• _REQUIRED WORK_:
Repeat the data exactly, please; no pictures belong in the copy.

• _COLLECTED DATA_:
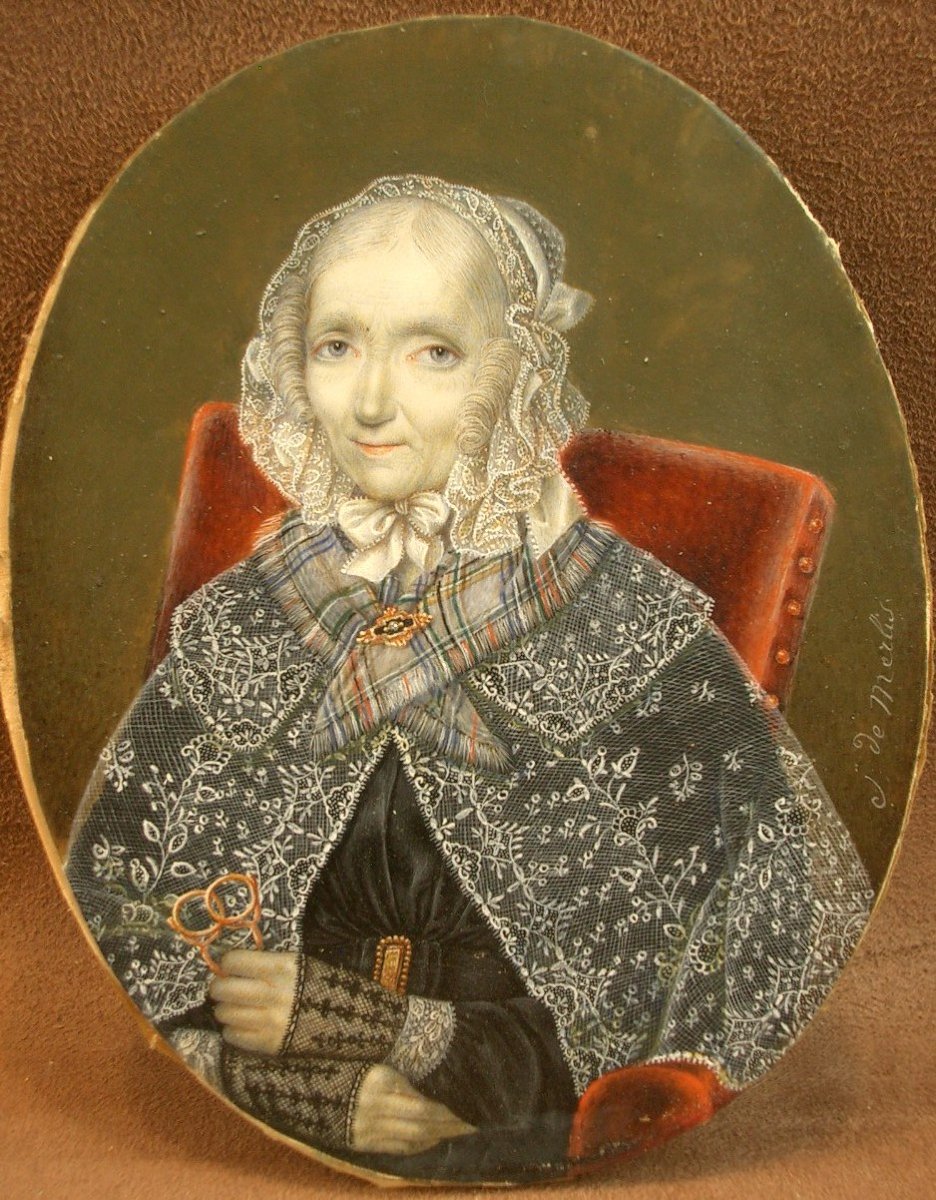 Grande Peinture Miniature Du Milieu Du XIXe Siècle Portrait De Dame Signée -photo-2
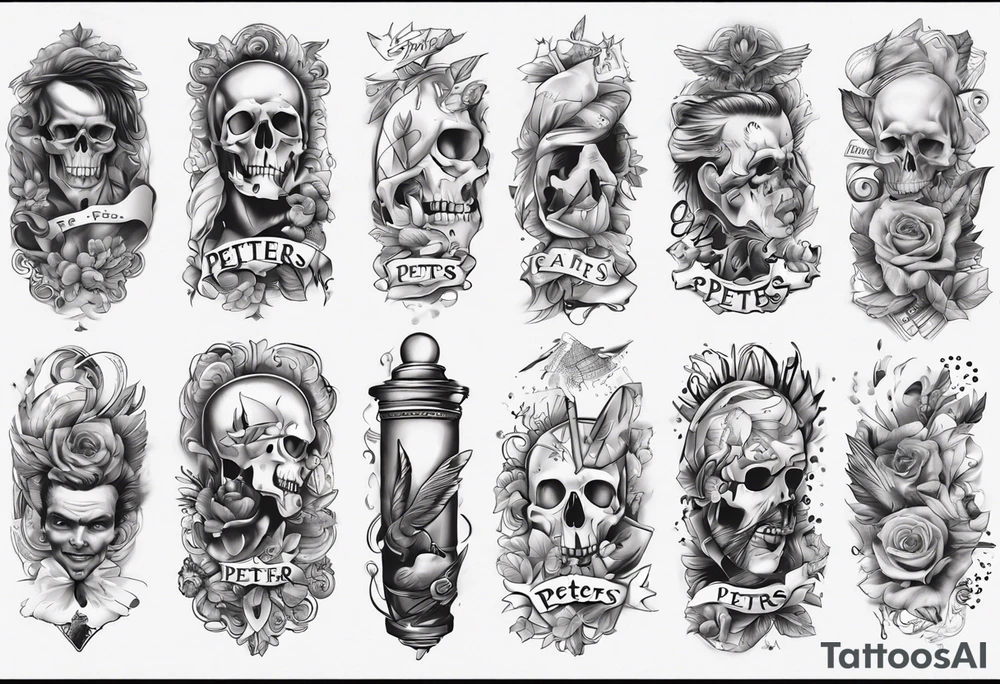 men’s arm sleeve, the name Peters, September birthday tattoo idea
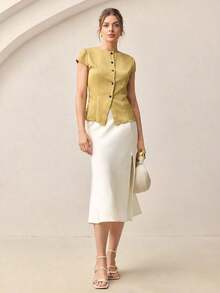 Falda A-Line de color café, elegante y moderna para el día a día, con estilo retro de los 90, adecuada para Navidad, Año Nuevo, San Valentín, fiestas, playa, graduación, moda, carnaval, vacaciones, invitada de boda, salidas, cit - Albaricoque - Ver 4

• _YOUR SOLUTION_:
 Grande Peinture Miniature Du Milieu Du XIXe Siècle Portrait De Dame Signée -photo-2
 men’s arm sleeve, the name Peters, September birthday tattoo idea
 Falda A-Line de color café, elegante y moderna para el día a día, con estilo retro de los 90, adecuada para Navidad, Año Nuevo, San Valentín, fiestas, playa, graduación, moda, carnaval, vacaciones, invitada de boda, salidas, cit - Albaricoque - Ver 4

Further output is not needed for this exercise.